Gasoline Rip-Offs Are Difficult to Detect
It’s surprising how many people suspect their gas station of “watering the gas.” Others suspect that they were cheated because their gas gauge should have moved further for the amount of gas pumped. Still more drive away from stations offering discounts for cash with a sum of money that just doesn’t seem right.
Could be. Nobody really “waters” gas, but there are other possible abuses, including falsified octane ratings, short measures of gas, inflated charges. Inherently complicated, gasoline sales involve multiple pumps, multiple prices, and arithmetic that requires a calculator. Only later, given receipts and time to check them, can the consumer catch the fact that his station charged $17.70 for 12.4 gallons of unleaded at $1.399, when the total should have been $17.35, and $17 (not the correct $16.69) for 12.1 gallons at $1.379.
The tradition of adding .9 to every price adds complication, as does an unusually large spread between self-serve and full-serve prices (service shouldn’t cost 40 cents a gallon, say insiders), and instant cash discounts. “The consumer could get ripped off right and left,” says Steve Shelton, executive director of the Southern California Service Station Dealers Assn., “but he has the power to police the marketplace.”
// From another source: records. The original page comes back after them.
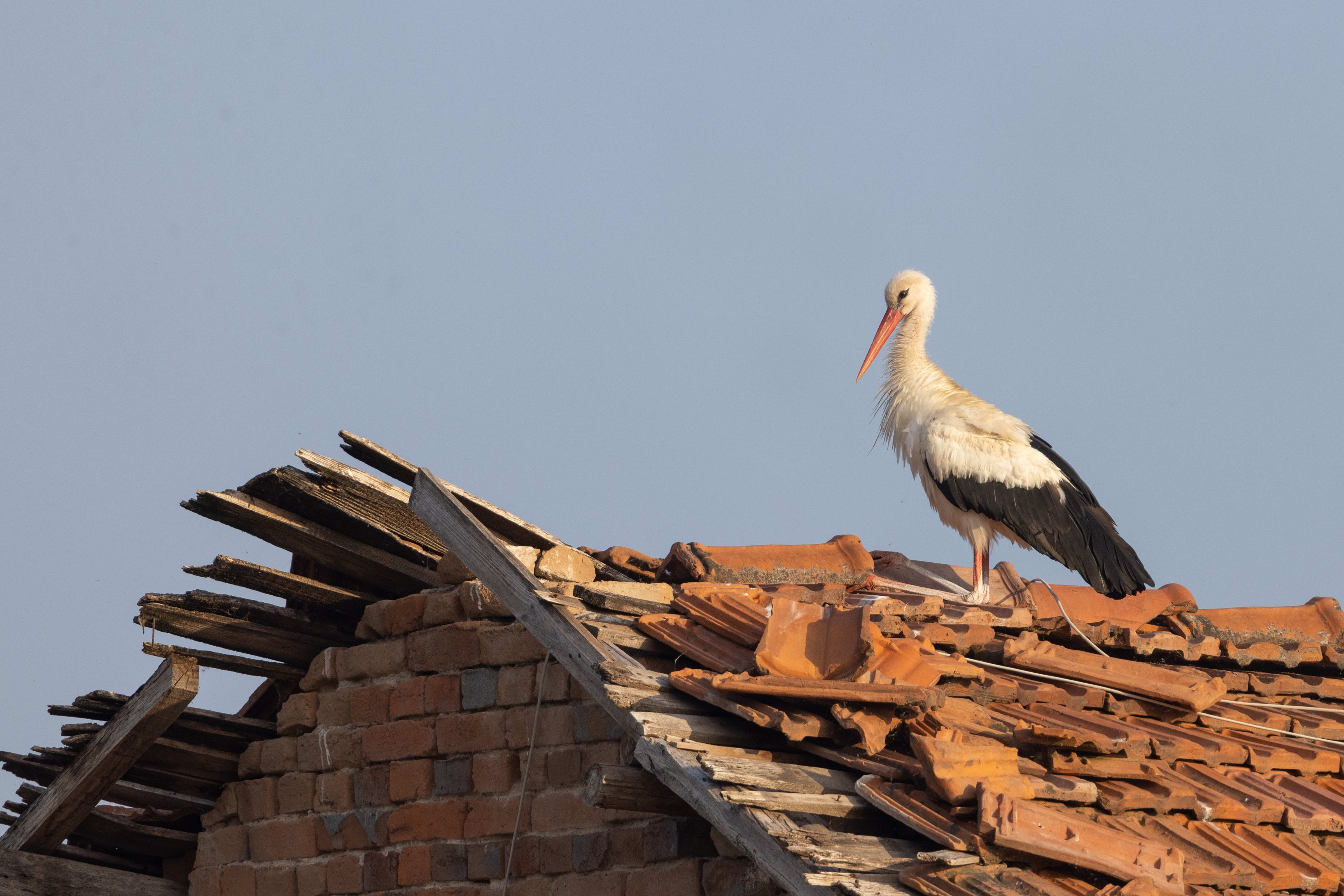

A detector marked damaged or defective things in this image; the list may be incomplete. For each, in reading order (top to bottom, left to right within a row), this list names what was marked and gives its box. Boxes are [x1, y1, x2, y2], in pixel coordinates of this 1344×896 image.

broken roof tile [659, 535, 874, 582]
broken roof tile [632, 618, 757, 672]
broken roof tile [1004, 631, 1228, 712]
broken roof tile [909, 726, 1035, 806]
broken roof tile [977, 788, 1174, 891]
Not always. The consumer can’t really analyze the content of his gas, particularly the octane rating that distinguishes regular from premium gasolines. Indeed, a recent report from the General Accounting Office found octane rating misrepresented in about 9% of gas samples nationwide and in more than 50% of samples from some states.
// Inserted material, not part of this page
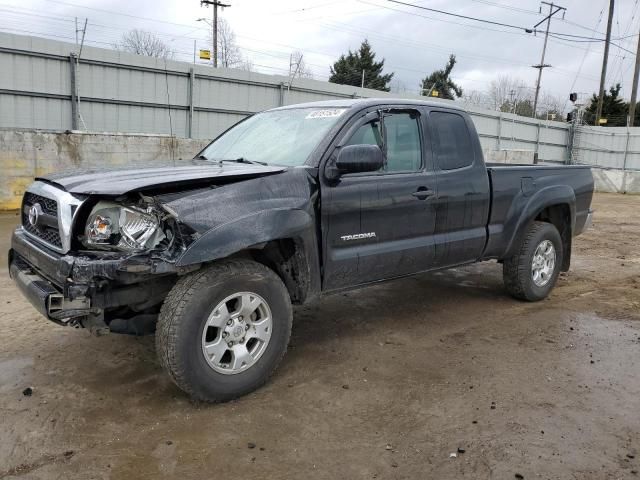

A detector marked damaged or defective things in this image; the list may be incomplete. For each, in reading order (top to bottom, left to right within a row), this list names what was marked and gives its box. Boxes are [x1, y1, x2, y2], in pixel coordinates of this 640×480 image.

cracked hood [40, 162, 288, 194]
broken headlight [84, 202, 166, 253]
damaged black truck [8, 98, 596, 402]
Under the Petroleum Marketing Practices Act of 1978, the EPA and FTC are responsible for making sure consumers get accurate information about octane ratings, but if they ever started testing and enforcing, they stopped some years ago, says the GAO. It may even be understandable: Mislabeling is less likely to occur at refineries or bulk terminals, where it’s constantly tested, than at wholesale or retail outlets; enforcement must, therefore, be local.
But local action isn’t guaranteed: Only 20 states have their own octane-testing programs. In California, for example, the state Food and Agriculture Department’s division of measurement standards has gasoline-testing labs in Sacramento and Anaheim. The bureau picks up samples in response to consumer complaints, does some random sampling, and every five years, does a statewide survey of stations.
Local authorities do more regular station inspections, checking everything from the accuracy of the price signs to the anti-drain valves on nozzles. At that, they cover large areas. Los Angeles County’s Department of Weights and Measures inspects 3,400 stations and 42,000 “nozzles,” with six inspectors. New York City’s Consumer Affairs Department covers all five boroughs, its five inspectors checking over 14,000 pumps last year at 1,600 gas stations.
It’s a myth that sophisticated inspectors can judge octane rating just by the color of the gas. Those they inspect are also sophisticated: “They get wise to us and compromise the color,” says Bob Kelley, deputy director of enforcement for New York City’s Consumer Affairs Department. But given complaints, or their own suspicions that “the price isn’t right, and the color’s off,” they take samples for lab testing.
The measure of gas pumped and the charge are another problem. “People automatically assume the amounts on the pump are going to be right,” says Joseph Jamora, division chief at Los Angeles County Weights and Measures.
But many pumps are still mechanical, even when the remote console at the cashier’s booth is electronic, and both the measure and the charge have to be set manually--every time the price changes. Given the likelihood of manual error, one pump off out of 12 is considered forgivable, but 3 out of 12 would be unacceptable.
Inaccuracies in the volume of gas pumped are usually just “sloppy housekeeping,” says Kelley, and 65% of those inaccuracies actually come out in the consumer’s favor. But “when the charges are off,” he says, “it’s never in favor of the consumer.”
Inspectors generally visit unannounced, but are almost immediately identifiable: Few consumers pull out 5-gallon calibrated measures and start drawing off gasoline. California’s inspectors take 10 gallons worth to check the volume measure, then check the accuracy of the charge by multiplying the unit price by 10 and seeing if the price on the pump agrees with the answer.
The consumer could duplicate some of this routine, protecting himself at least against overcharges--one reason, perhaps, that in Kelley’s experience, overcharges are much rarer than octane misrepresentation. But few consumers are that methodical about their suspicions: They tend to go by the gauge, says Jamora, complaining that they seemed to get less than they paid for. And those who are least suspicious--a station’s loyal, regular customers--probably have most cause to be: “Smart people only steal from their known customers,” says Kelley.
Consumers can certainly guard against today’s most common cheat--by all accounts, a failure to give the promised cash discount. Some pumps register both cash and credit prices, but most show only credit price, leaving it to an attendant to calculate and hand back the difference. An inattentive customer may be handed the wrong change or be told that the stated price is already discounted, and a very inattentive customer may be told nothing at all.
But the gambit is easily foiled. Consumers (as if they didn’t have enough to watch for) need only ask.